America - Front
America - Back
By Jake Weston 30th Jul 2012 | 6,636 views
Christopher Nolan’s The Dark Knight was something of an anomaly when it came to superhero blockbusters. Despite starring the world’s most popular superhero and grossing over a billion dollars worldwide, there was no video game tie-in. Now that its highly anticipated follow-up, The Dark Knight Rises, has arrived in theaters, Warner Bros. and Gameloft has rectified this obvious slight against fans worldwide by providing gamers with not only the best Batman game ever made, but also redefining movie-licensed games as we know it, providing the definitive Dark Knight experience.
Nah, I’m just kidding. It’s just another poorly made movie tie-in game.
Unlike the 2005 adaptation of Batman Begins for home consoles, The Dark Knight Rises is made for iOS and Android platforms, attempting to provide mobile gamers with a console-sized experience on the go. And it’s certainly a notable effort. For only about $7, The Dark Knight Rises provides all of Gotham City to explore, as well as being segmented into many indoor levels, producing a large and varied experience that goes through the story of the film while adding a few new segments of its own.
Unfortunately, the experience provided is by and large an underwhelming one. Unsurprisingly, the game takes most of its cues from Batman: Arkham City, but fails to successfully translate its gameplay mechanics onto mobile platforms. As a result, gameplay is mostly spent struggling with clunky movement, simplistic and monotonous combat, and broken vehicle segments.
Like many mobile titles that attempt to mimic console games, The Dark Knight Rises employs “virtual buttons” to emulate traditional control schemes. Also like many mobile games, it is virtually broken. Many times the game has trouble registering your inputs; moving Batman in a three-dimensional space with a virtual joystick simply doesn’t work. This carries over to the various segments featuring Batman’s vehicles, the Bat and the Bat-Pod. Attempting to handle these mechanical monstrosities was undoubtedly the worst vehicle section experience I’ve had in my gaming career.
Combat fairs better, only because it requires the least amount of input to actually succeed. Essentially a simplified version of Arkham City’s combat, Rises’ fighting sections require you only press two buttons: attack and counter. It’s fun in a purely cathartic way, and the Caped Crusader’s fighting animations are great, but it carries none of the depth that made the Arkham games such a blast to play; no combos, no special moves, no gadgets, nothing. Technically, there’s a jump/dodge button, but I’d be hard pressed to say Batman ever did either of those things when the button was pressed during combat.
Outside of combat, Batman carries a number of gadgets, such as his patented Batarangs, grappling hook, smoke bombs, and flashbang and EMP grenades, which can be upgraded through leveling up or by purchasing through microtransactions. The grappling hook is trusty for separating thugs with rifles from the pack, but for some reason the game does not allow you to use your gadgets in the midst of combat, only enabling you to use them on enemies from afar. What’s the point of that?

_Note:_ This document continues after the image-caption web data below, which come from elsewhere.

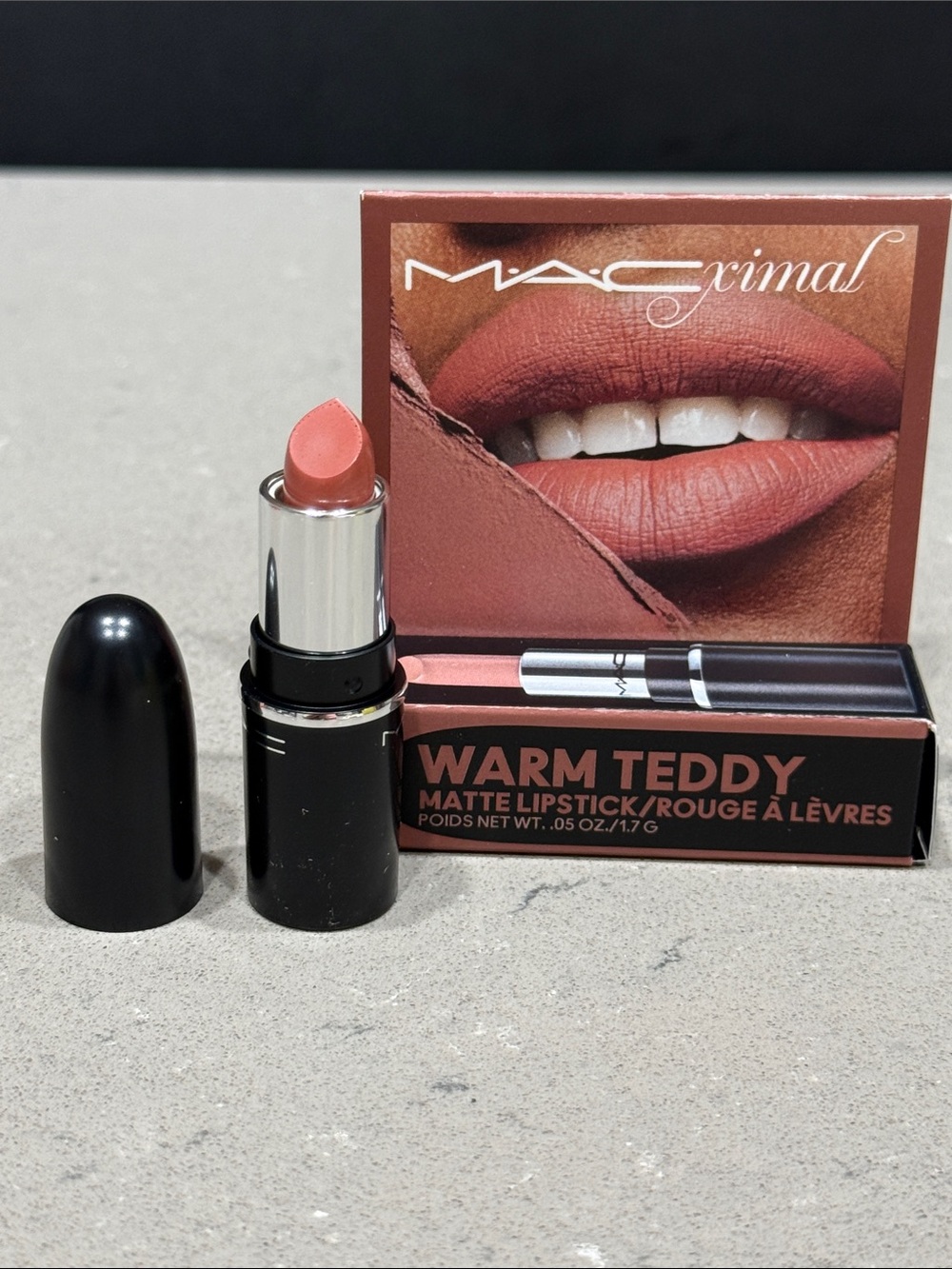 MAC Cosmetics Warm Teddy Matte Lipstick Mini, new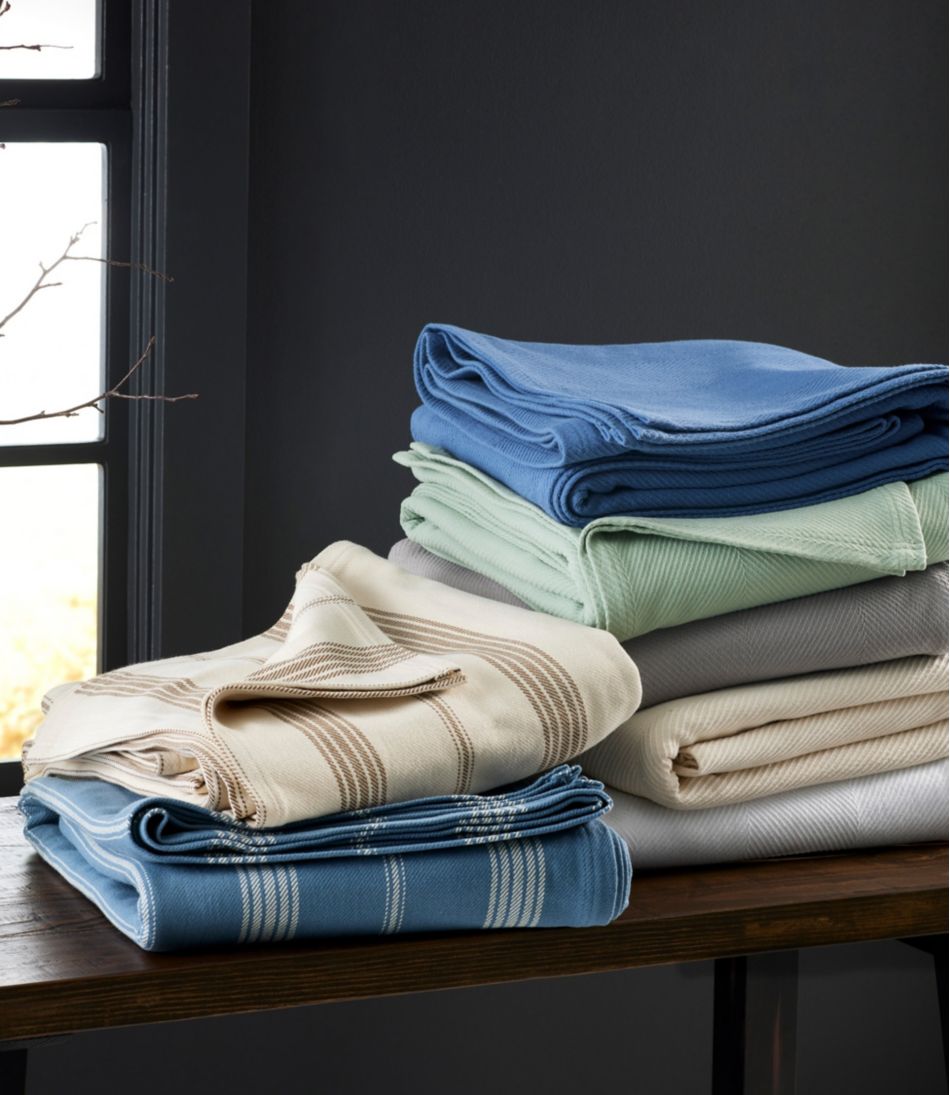 Organic Cotton Blanket, Stripe / L.L.Bean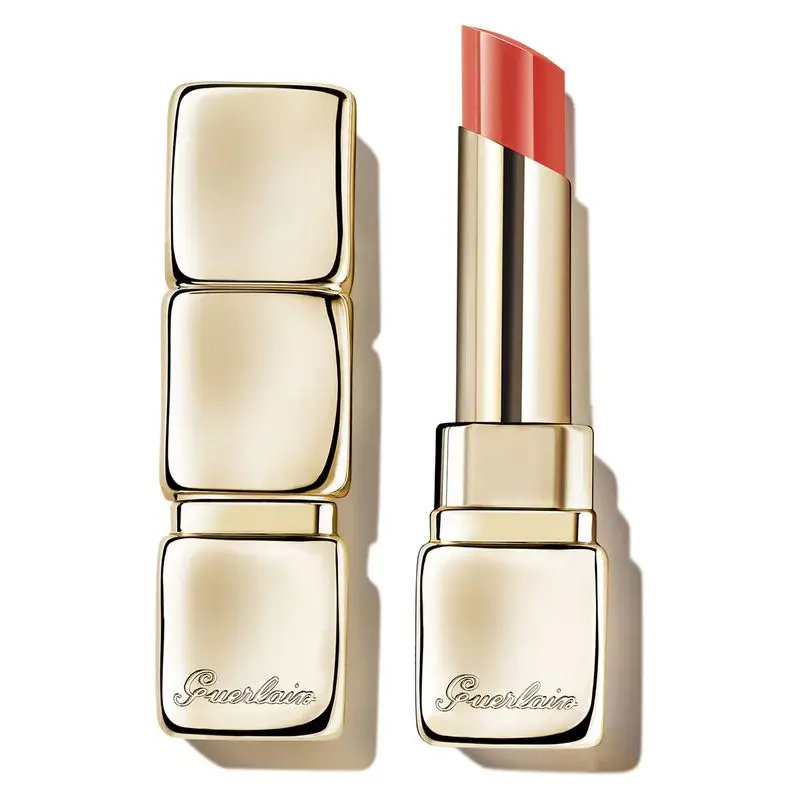 GUERLAIN KissKiss Shine Bloom glossy lipstick color 319 Peach Kiss 3.2 g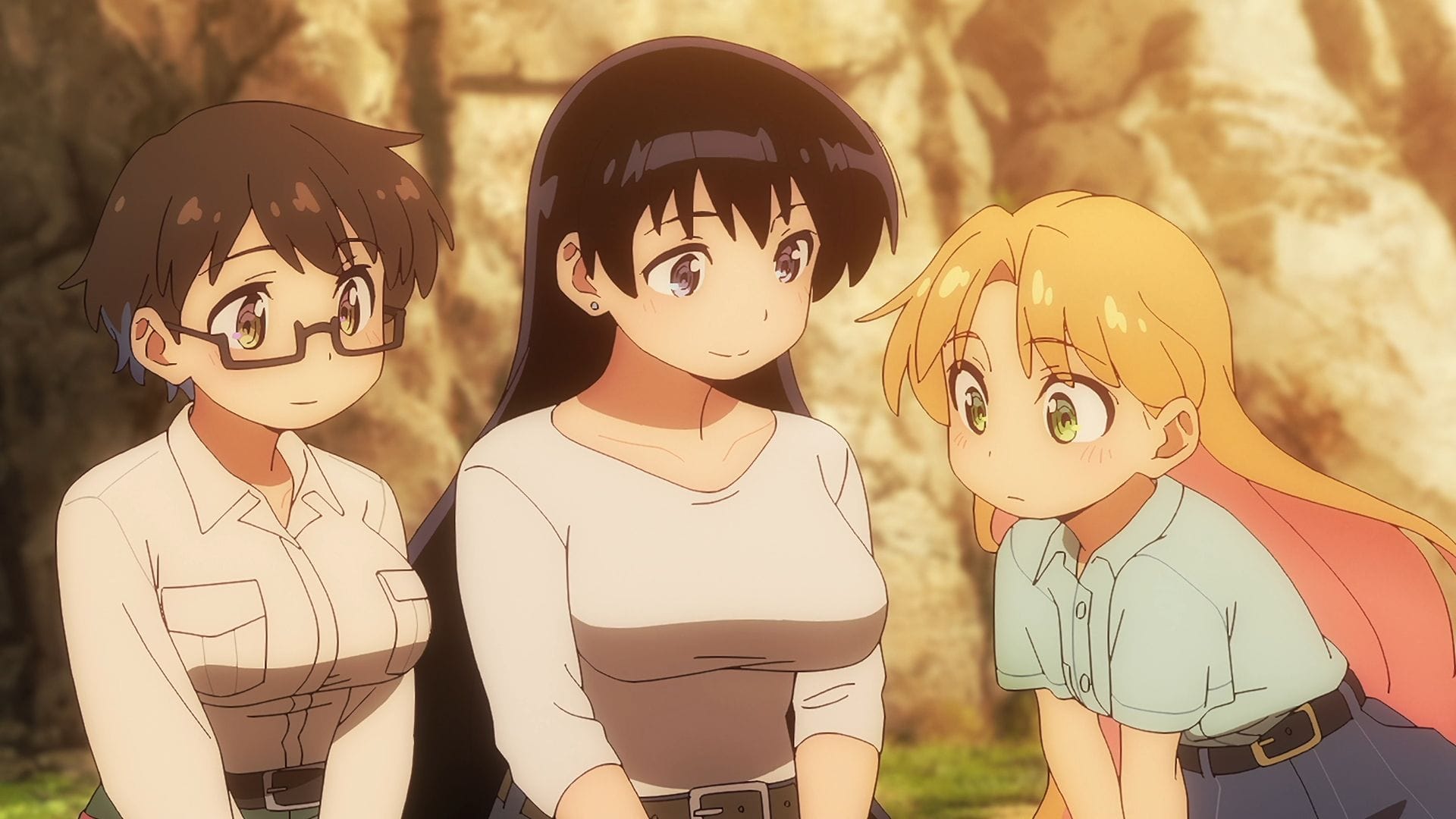 Imari, Nagi, and Ruri as seen in Ruri Rocks anime (Image via Studio Bind)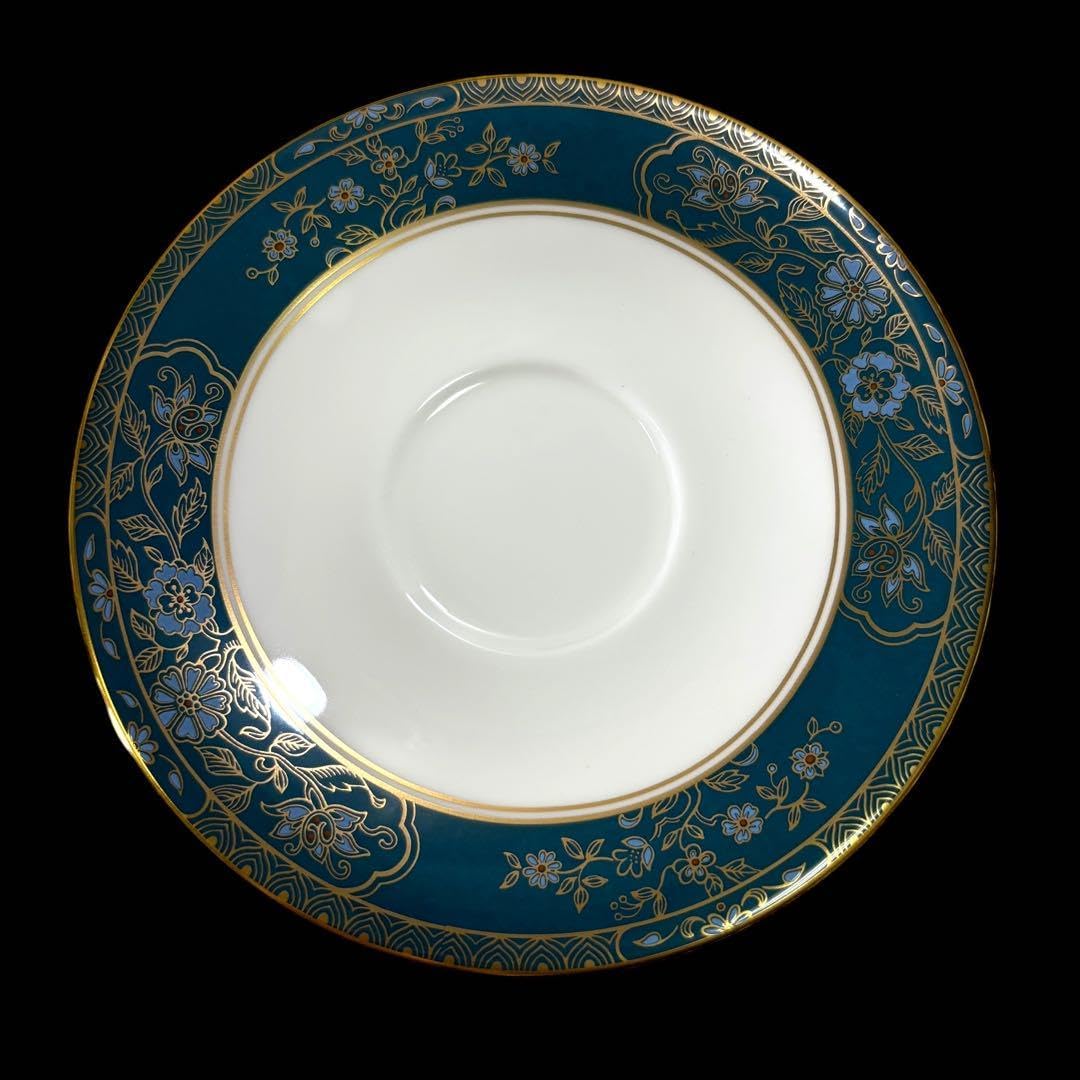 ロイヤルドルトン カーライル ダブルハンドルカップ&ソーサー ペア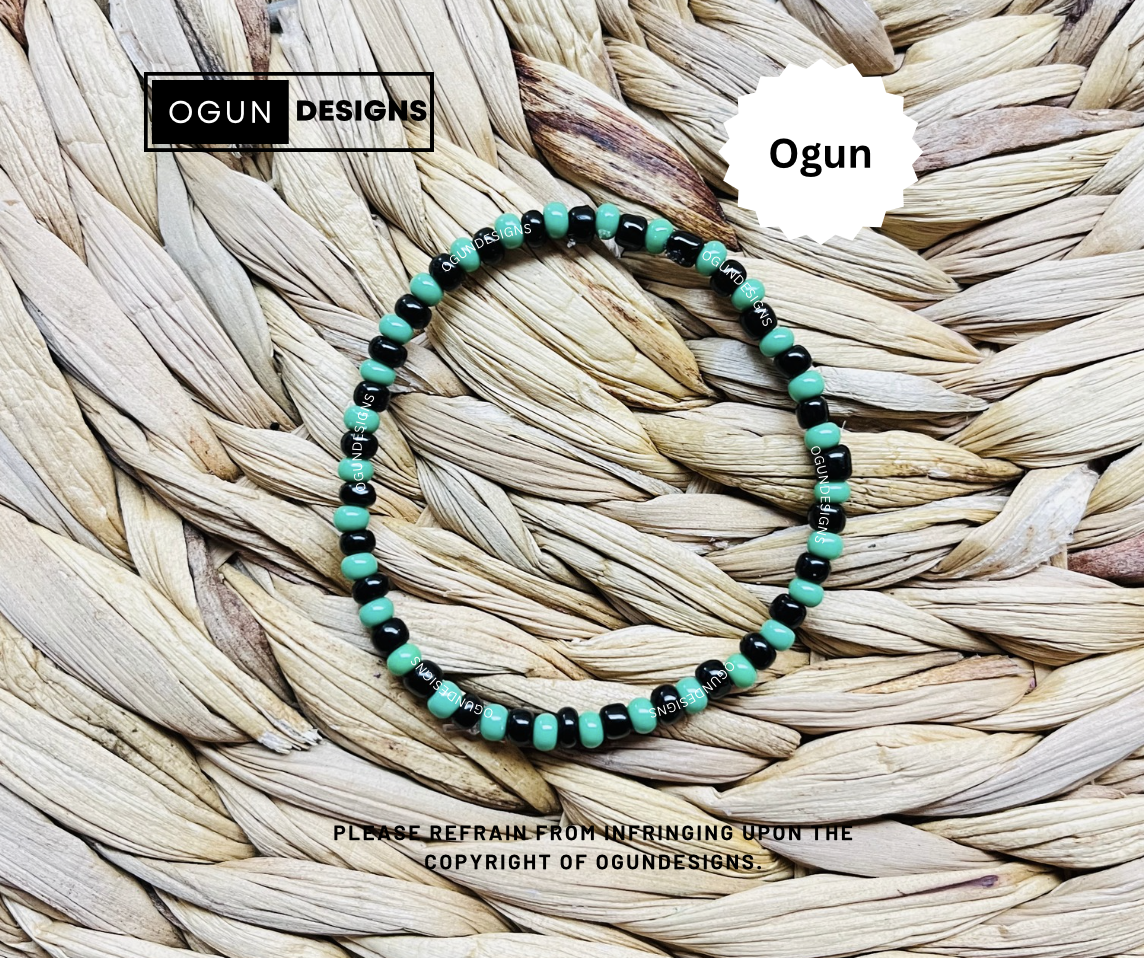 Orisha Santeria Yoruba Protection Bracelets, Ogun Eleke Bracelet, Ogun protection Bracelet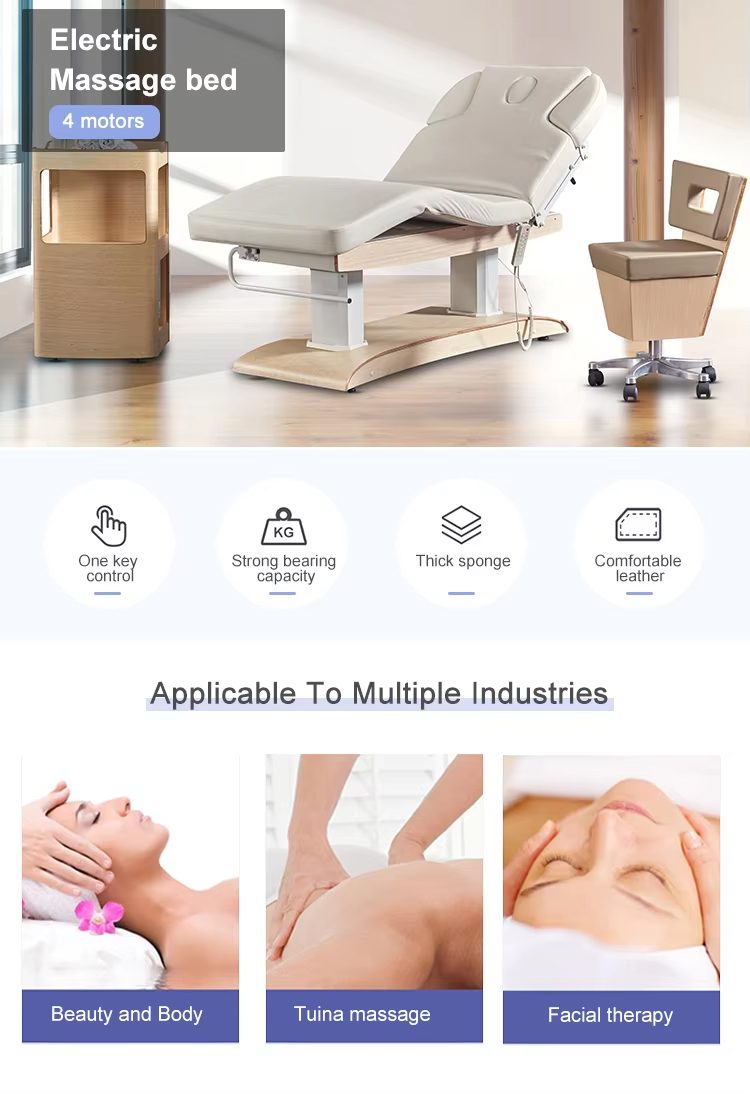 공장 맞춤형 나무 무늬 베이스 마사지 침대, 메모리 조 - Health Wellness Spa 리뷰 및 가격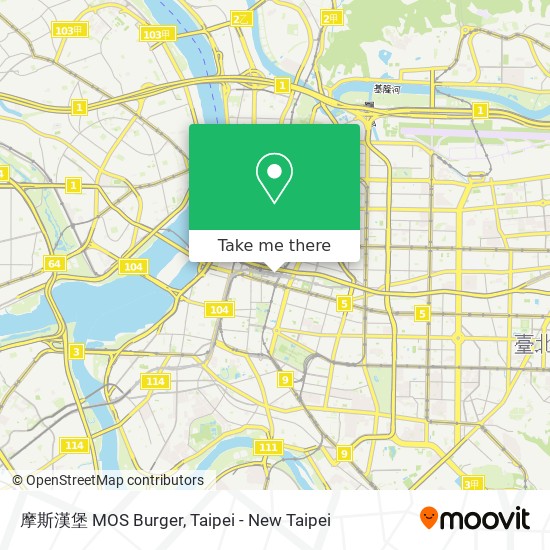 摩斯漢堡 MOS Burger map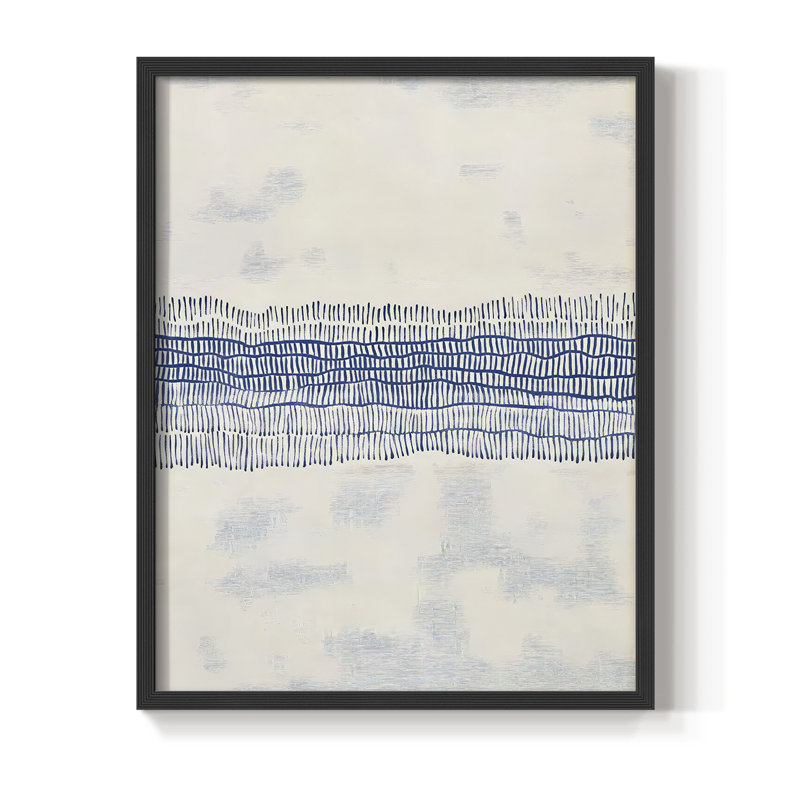 Abstrait, reproduction encadrée CDLxxII - prêt à être accroché , H 10 po x l 8 po, Noir
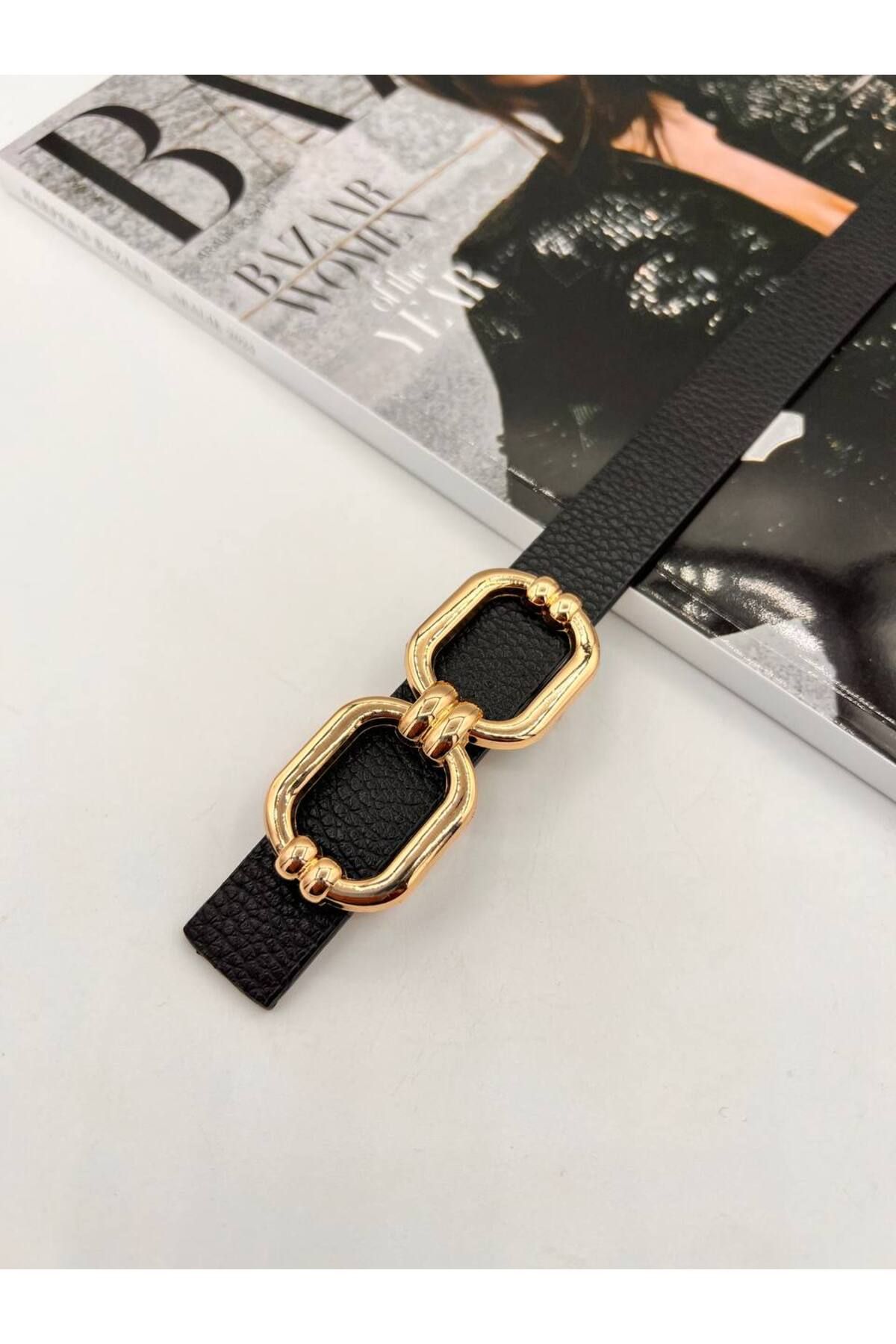 NOİR LUXE Pimli Kadın Kemer Pantolon Kemeri Elbise Kemeri Gömlek Kemeri Ceket Kemeri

Frustratingly, the free-roaming sections of the game provide a Grand Theft Auto-style “Wanted” system, where Batman attacking thugs in the street will draw in more waves of enemies with increasing lethality if he is unable to prevent them from sounding an alarm. However, the camera control in the game is so horrid it’s impossible to get a grasp on where any enemy is at any given time, meaning that these encounters will usually last until the player retreats or quits the game out of frustration.
It never ceases to amaze me how far mobile gaming graphics have come, so The Dark Knight Rises’ presentation is definitely impressive. But other than successfully capturing the look and feel of the film, there’s nothing about the art design that really stands out. The game’s voice actors do an admirable job of imitating the cast from the film, though Batman’s gravely-growly voice sounds even more ridiculous than it does in the trilogy. Unfortunately, Bane is exempt from this attention to accuracy, sounding more like a generic thug than his menacing, yet sophisticated, counterpart in the film.
If The Dark Knight Rises gave me anything, it was a severe desire to see Christopher Nolan’s Dark Knight Universe continue into gaming. It’s just too bad they decided to put their resources into making this poorly-conceived mobile version. A full-blown console adaptation of The Dark Knight Rises featuring Arkham City’s gameplay could have the potential to be one of the best movie-licensed games ever. Instead, we're left with a cheap knock-off that neither works as a mobile experience or the console experience it attempts to deliver. I do not recommend The Dark Knight Rises game; if you want to see more of this interpretation of Batman, you’ll just have to stick with the movies.